# Sea Lion 16 project



## joshuabward (Apr 3, 2010)

Welcome to the forum and do include lots of pics!!!
Tell us a little about it I'm sure some of the guys on here know something about the hull.
Length? Beam? hp? Brand?


----------



## tbayray (Sep 18, 2008)

Cool. Although it looks a little on the heavy-side; to me... [smiley=1-mmm.gif]
What're your plans for the project...
I agree with the railing... That thing must've went offshore back in the day. [smiley=shithappens.gif] [smiley=rollinglaugh.gif]


----------



## kylestrawn (Aug 7, 2010)

Additional info
L- 15'8"
B- 78"
70hp Yamaha

As far as how heavy it is, I have no idea. I'm sure it's full of saturated foam. I hear that stuff adds up to about 10lbs per cube foot. 

Pics are coming soon.


----------



## tbayray (Sep 18, 2008)

AllGood. Lets see some tear down pics! [smiley=eyepopping.gif]


----------



## kylestrawn (Aug 7, 2010)

Sorry it's taken so long for an update. Let me show you what I'm working with.


----------



## kylestrawn (Aug 7, 2010)

This is where it gets interesting...










now the first inspection...










Oh my! It's full of water and broken wood. 










Lets take a look at the bilge

















Just as I suspect. After a long life up north and 2 years of KyleStyle beating the snot out of it, this boat is a wreck.

Here's the big picture.









This is no good. maybe it wasn't coated in resin?
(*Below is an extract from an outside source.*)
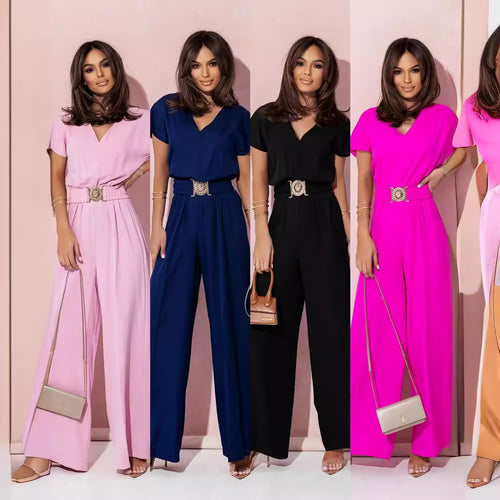 Women’s jumpsuit with wide leg and belt Amarae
This holiday weekend is going to be dedicated to tearing down the rest of the deck,getting all the soaked foam out, taking lots of measurements and, finally, shopping for a grinder I can become best friends with for a week or so. 

stay tuned.


----------



## noeettica (Sep 23, 2007)

Bosch or makita ... Get a resperator Safety goggles Gloves and a BIG Bottle of baby Power !!! Ear Pluggs and Tyvek Suit optional ;-)


----------



## kylestrawn (Aug 7, 2010)

It's been a while since I've updated this thread. I've spent a lot of time on nothing it seems. It took a few tires to get the outboard off, and moved into the garage. I've managed to cut out the front casting deck, the boxes on the rear, and have made some progress on the foam. 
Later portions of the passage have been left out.